A number of international shipping companies have successively announced their results and forecasts for the full year of 2021, and HMM tells everyone that there will be blessings in the future...
Going back to July and August 2016, if we had to choose a container liner company that was most likely to fail, it would not be Hanjin, PIL, APL or UASC, but Hyundai Merchant Shipping at that time!
Internally, the company changed its name and surname to invest in KDB, one of the largest banks in South Korea. Not only did the company no longer have to worry about lack of money, but it also became the "national" shipping company in South Korea and the largest shipping company in South Korea; externally, shipping The market is fueled by the epidemic, and the series of large container ships ordered by HMM a few days ago happened to be launched one after another during this wave of epidemics. This shipping company has become the most amazing shipping company in the industry!

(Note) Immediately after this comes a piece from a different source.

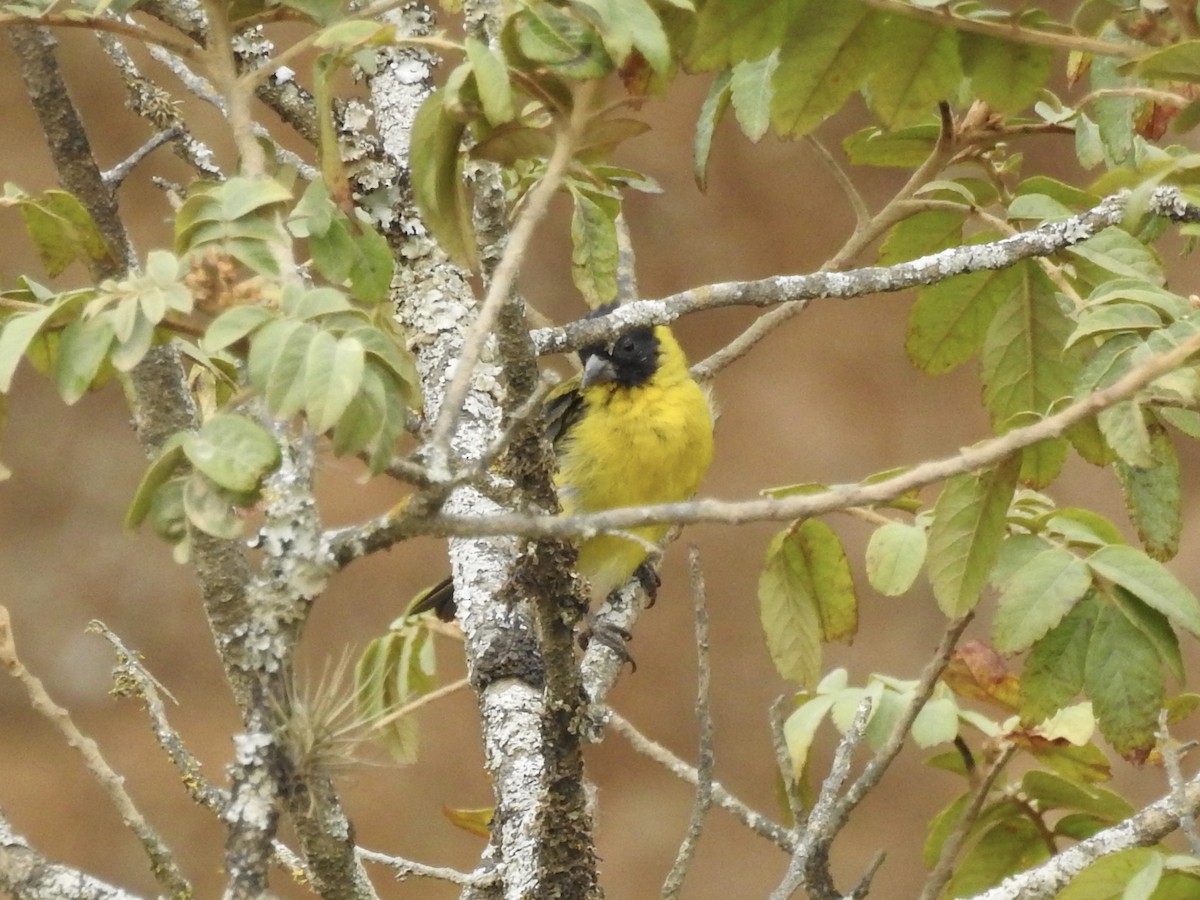 Hooded Siskin - ML424999751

On the 15th, South Korea's flagship operator HMM reported that its full-year revenue in 2021 will be 13,794 billion won (about 11.5 billion U.S. dollars), a year-on-year increase of 115.1%. Net profit in 2021 totaled 5,326 billion won ($4.4 billion), an increase of nearly 4,200%. The previous year was only US$100 million (net profit of KRW 124 billion in 2020). After 21 consecutive quarters of losses and the brink of bankruptcy, the company finally turned a profit in the third quarter of 2020.
It is reported that revenue, operating profit and net profit are all the highest in the company's history, and they all exceeded market expectations.
South Korea's largest and the world's eighth-largest liner company attributed last year's outstanding earnings to "higher freight rates," saying the profit growth was mainly due to higher freight rates on routes from Asia to the Americas and Europe. "The fourth quarter is typically a low season for the container shipping business, but higher volumes on the Asia-American route due to major promotions such as Black Friday boosted demand and boosted rates," the company said in a release. "
Plus, and its main strategy of installing scrubbers for ship deployments – the company uses scrubber technology for over 80% of its vessel capacity, compared to the industry average of around 30%. "The price gap between LSFO (low sulphur fuel oil) and HFO (heavy fuel oil) is expected to widen," HMM said, adding that it would be "effectively able to respond to rising oil prices".
HMM will save fuel costs through scrubber-fitted vessels operated in partnership with THE Alliance, as will alliance members that are expected to co-bulk; however, due to vessel sharing agreements, when loading LSFO-burning vessels operated by other THE members, HMM will also face paying higher fuel costs.
Market analysts added that the company's increased capacity was also an important factor. With the help of the South Korean government, the company is said to add 20 container ships in 2021, including 12 24,000TEU container ships.
HMM did not disclose revenue growth this year, but it appears to be growing faster compared to THE alliance partners Hapag-Lloyd and ONE, suggesting the company has a higher average rate per TEU.
Unlike some of its larger peers, HMM continues to contract with smaller clients on the Asia to Northern Europe route, carrying more profitable spot and short-term contract cargoes, according to forwarder sources.
In the fourth quarter, HMM's revenue rose 121% from a year earlier, from $1.68 billion to $3.7 billion, matching ONE's 122% growth but significantly higher than Hapag-Lloyd's 104%. That could mean that HMM signed more long-term contracts in the fourth quarter, slowing its exponential revenue growth.
However, other factors may also be at play, as all carriers that have reported fourth-quarter volumes have so far seen volumes drop due to congested supply chains and a lack of open charters to meet excess cargo.
HMM deployed more than 40 additional ships last year, mainly serving the trans-Pacific region, but some of its ships experienced severe berthing delays at U.S. West Coast ports.